Hermann Goering
Perpetrator
December 9, 1947: I hate myself. I made all the wrong choices in my life. I should not have joined the Nazi’s, or betrayed my Jewish girlfriend (I still think it is a coincidence that any serious Nazi had a serious relationship with a Jew), and did not turn her into Hitler himself. I have many regrets going into my trial. I hope that they can just send me to Hell quickly.
I made a lot stupid mistakes, I answered many questions wrong, and I stuttered like a pupil talking to a big stranger in a black coat. I answered the question that Robert Jackson asked me himself “Do you find yourself guilty about any of these crimes were had charged you of?” I answered with the most uneducated answer of all time “Of, course I do. I know I made many mistakes during the war. It became obvious when I sent my own girlfriend to a fiery death in Lucifer’s flames. Do whatever you want to me, I truly deserve it, and will accept any punishment you give to me”. They found me guilty of all four charges they had originally charged to all the Nazis. The date that I will be hung on is yet to be determined the sooner the better. I just want to end these people’s nightmares.

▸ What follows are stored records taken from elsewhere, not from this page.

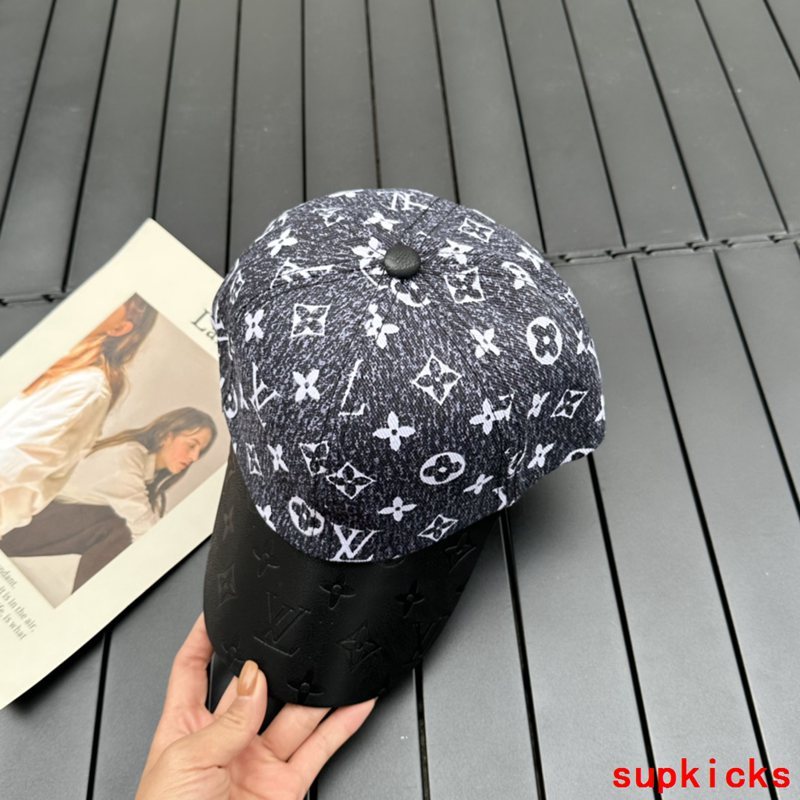 Angled view of Louis Vuitton unisex cap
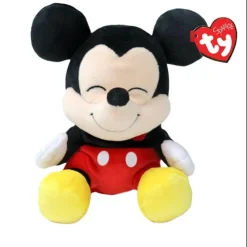 Clearance TY Beanie Babies - Mickey Mouse - Soft Medium 13"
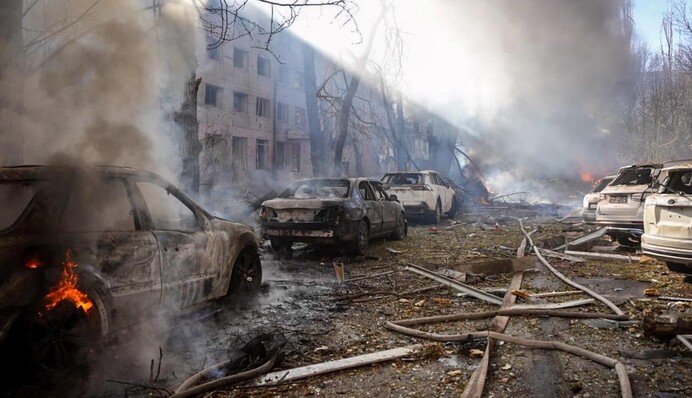 Ракетний обстріл Одеси: число постраждалих сягнуло 55-ти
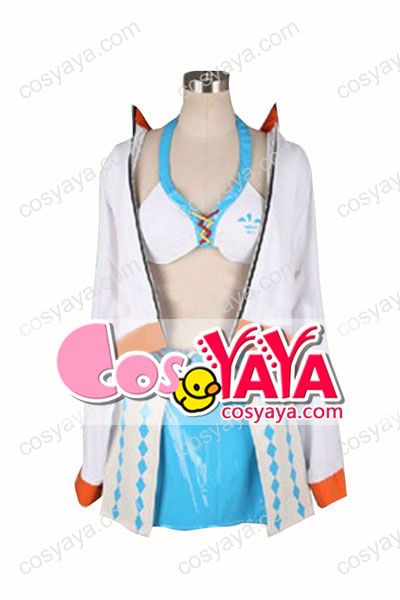 ヴィーナス系アイドル 新田美波 水着風コスプレ衣装 アイマス キャラクターコスプレ衣装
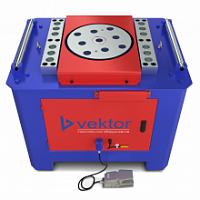 картинка Станок для гибки арматуры Vektor GW50 компании Нова Механика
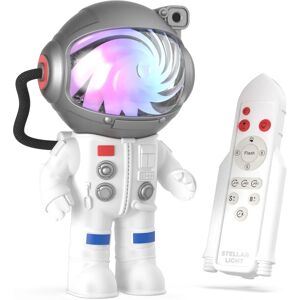 MOBILITY ON BOARD MOB Stellar Light Space White Astronaut - Projektor nattlampa MOBILITY ON BOARD MOB Stellar Light Space White Astronaut - Projektor nattlampa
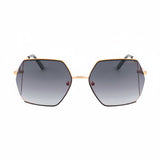 Guess Gold Metal Sunglasses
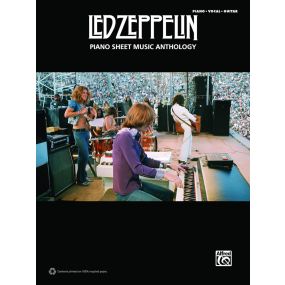 Led Zeppelin Piano Sheet Music Anthology PVG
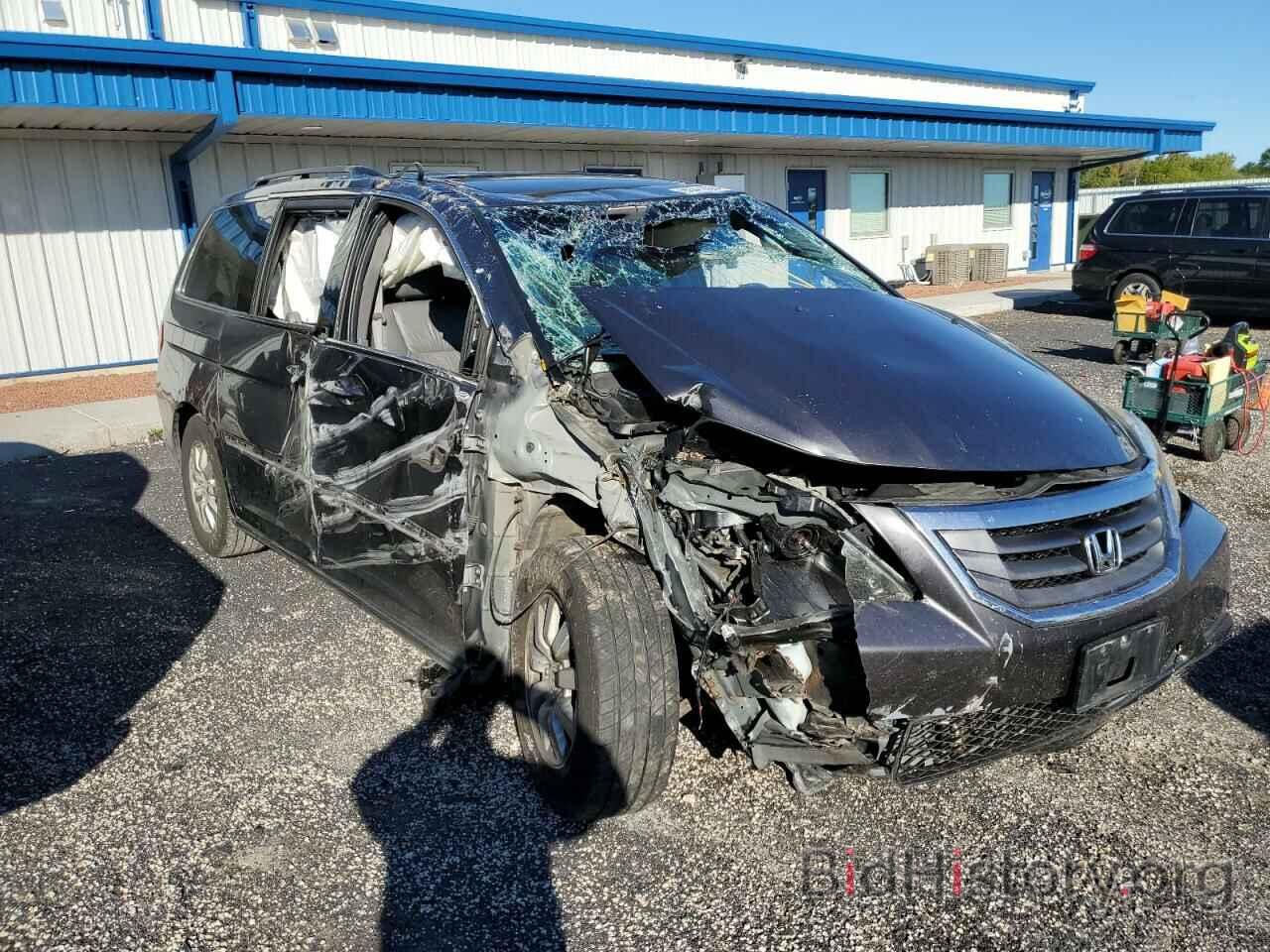 Фотография 5FNRL3H66AB052163 - HONDA ODYSSEY 2010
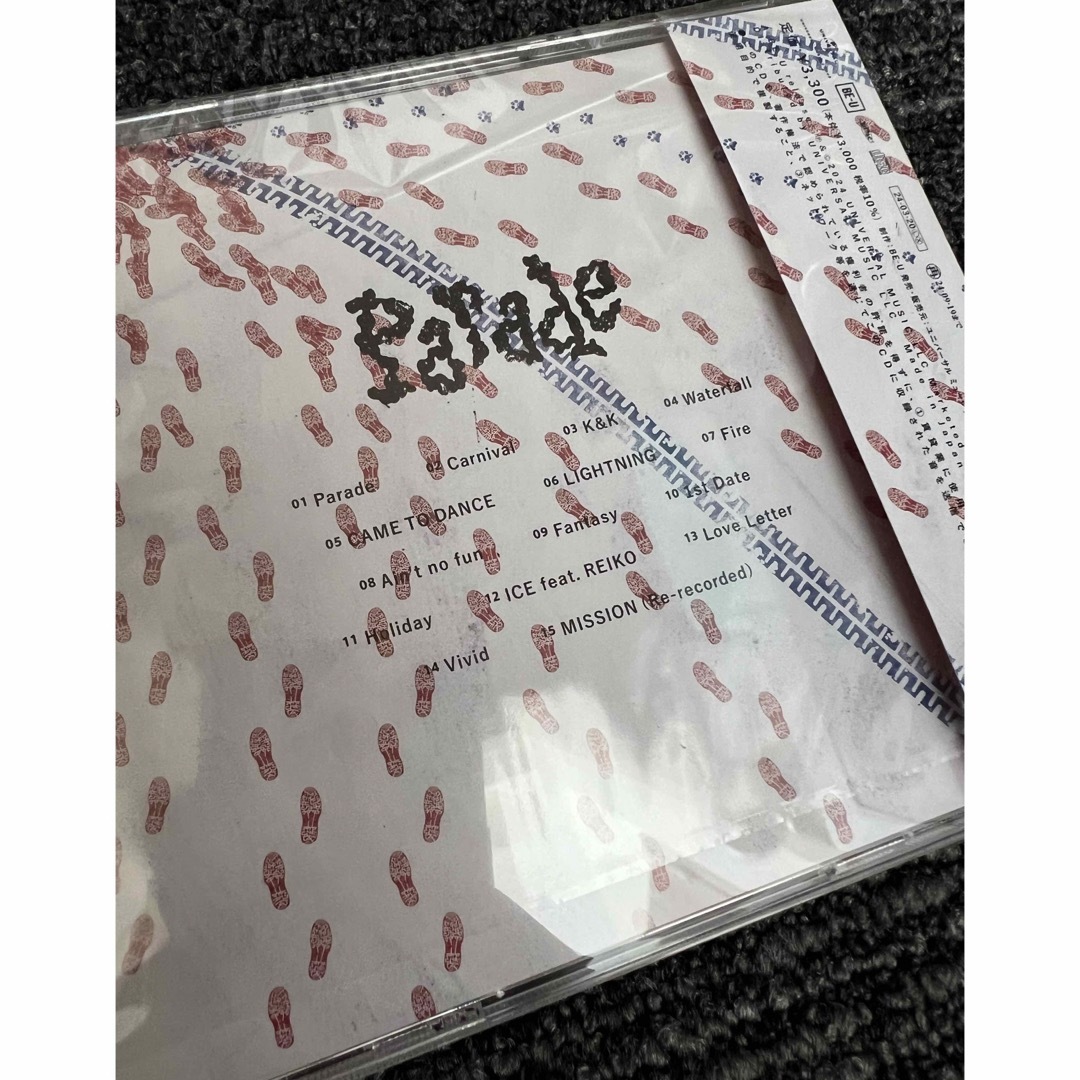 MAZZEL 1st Album『Parade』　 RAN(ランくん)トレカ付 エンタメ/ホビーのCD(ポップス/ロック(邦楽))の商品写真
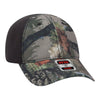 OTTO 103-1243 OTTO CAP Camouflage 6 Panel Low Profile Baseball Cap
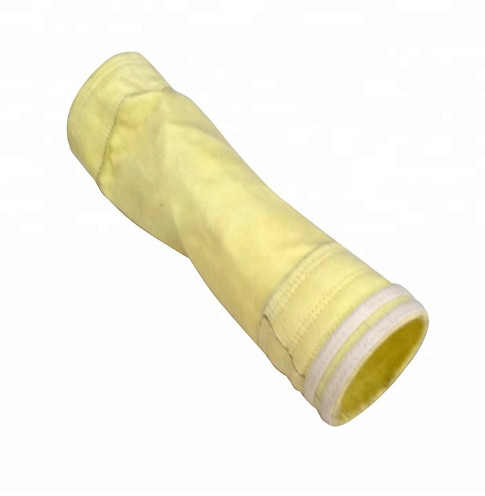1.7mm Thickness Fiberglass Filter Cloth , Biodiesel Dust Collector Filter Bags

I guess if anyone ever reads this but me, note to the reader, this is my will. To my dear Mother I leave every one of my position except for the following
: For the parents of my Jewish girlfriend who I was with for a couple of weeks during the Concentration camps, I leave a gold locket. It has a picture of your daughter and me. She gave it to me for Christmas, it was an extremely nice deed she did for me, and I no longer reserve it though. For my cousin’s fiancé David, I leave a pair of diamond-coated rings. I was set to be married but I sent her to heaven before I had a chance to. Please always love my cousin. The last item I want to leave for someone is for my Priest. .It is my private Bible. Hitler found, and he cut out the part that said, “Love your neighbor”. Father, I would like you to write this passage back in the text. After what I have seen, I wish I loved my neighbor more. These are my dyeing wishes. Please have them fulfilled. Goodbye, everybody.